Афанасий Васильевич нагибается к уху и каждому по секрету шепчет с расстановкою: “3-а с-т-а-т-ь-ю о б-ю-д-ж-е-т-е!” Затем быстро откидывается назад и, пристально глядя в глаза изумленного встречного, говорит: “Поняли вы?”
— Тсссс, — говорит встречный, мотая головой.
— Поняли? — спрашивает опять Афанасий Васильевич, поднимая вверх указательный палец с кольцом от мощей Тихона Задонского.
— Понял-с, понял. Как не понять.
— Нет, вы прочтите.
— А у вас есть?
— Еще бы!
— Дайте, пожалуйста.
Афанасий Васильевич запускает руку в боковой карман и достает мелко переписанную женской рукою статью о государственных расходах.
— Вот-с, она, сама Ноточка писала. У меня, батюшка, все, и сам, и дети, и жену посадил, все переписывали, пока книжку держали из библиотеки.
— А можно переписать? — спрашивает встречный.
— Отчего же, можно, только мою-то не замарайте; это ведь Ноточка писала.
— Нет-с, как можно!.. А ничего это, Афанасий Васильевич?
— В каком отношении?
Встречный озирается и двумя нотами ниже говорит:
— Так, знаете, чтобы чего-нибудь…
— Э! полноте; ведь это с печатанного, да и вы можете сказать, что это я вам дал.
— Да-с, могу… покорно благодарю, покорно благодарю, — лепечет встречный, упрятывая в карман своих шаровар статью, переписанную душистой ручкой Ноточки.
— Эй вы! Петр Егорович! а Петр Егорович! — кричит Афанасий Васильевич, отпустив от себя соседа шагов на пятнадцать. Сосед оборачивается.
— Поскорее, — кричит Афанасий Васильевич.
— Чего-с? — кричит сосед, делая из горсти павильон над своим ухом.
— Поскорее, говорю.
— Что? — Сосед решается приблизиться к Афанасию Васильевичу и опять повторяет: “Что скорее?”
— Переписывайте-то скорее, — говорит Афанасий Васильевич, интересничая и понижая голос.

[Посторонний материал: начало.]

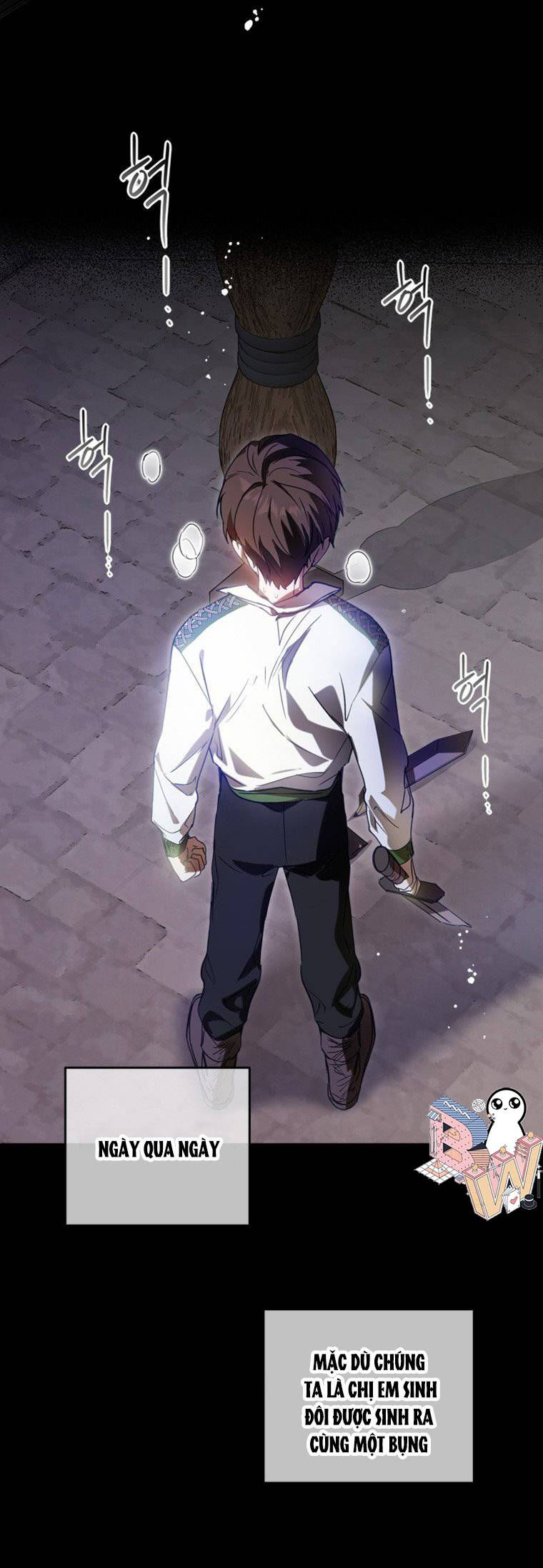 đã bảo nữ chính cải nam trang cơ mà ! chapter 4 36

— А! Я скоро, скоро. А вы разве здесь не надолго?
— Да вот только людишек обещали поунять; завтра, думаю, все будет готово.
— Бунтуют? — с участием спрашивает встречный сосед.
— Да так, дворов сносить от усадьбы по положению не хотят.
— А все смирно?
— Да как вам сказать… Так вы поскорее, пожалуйста.
— Извольте, извольте-с. — Соседи расходятся.
— А позвольте узнать, Афанасий Васильевич, — говорю я после этой сцены, — отчего вы уверены, что “Современник” приостановлен вследствие статьи о бюджете?
— А то вследствие чего же-с? — задорно спрашивает меня Афанасий Васильевич.
— Да я этого не знаю.
— А! то-то и есть. А я знаю, что за эту статью.
— Не верится.
— Отчего же это вам не верится?
— Да оттого, что я статью эту знаю, и ничего в ней нет такого, что могло бы навести на ваши заключения.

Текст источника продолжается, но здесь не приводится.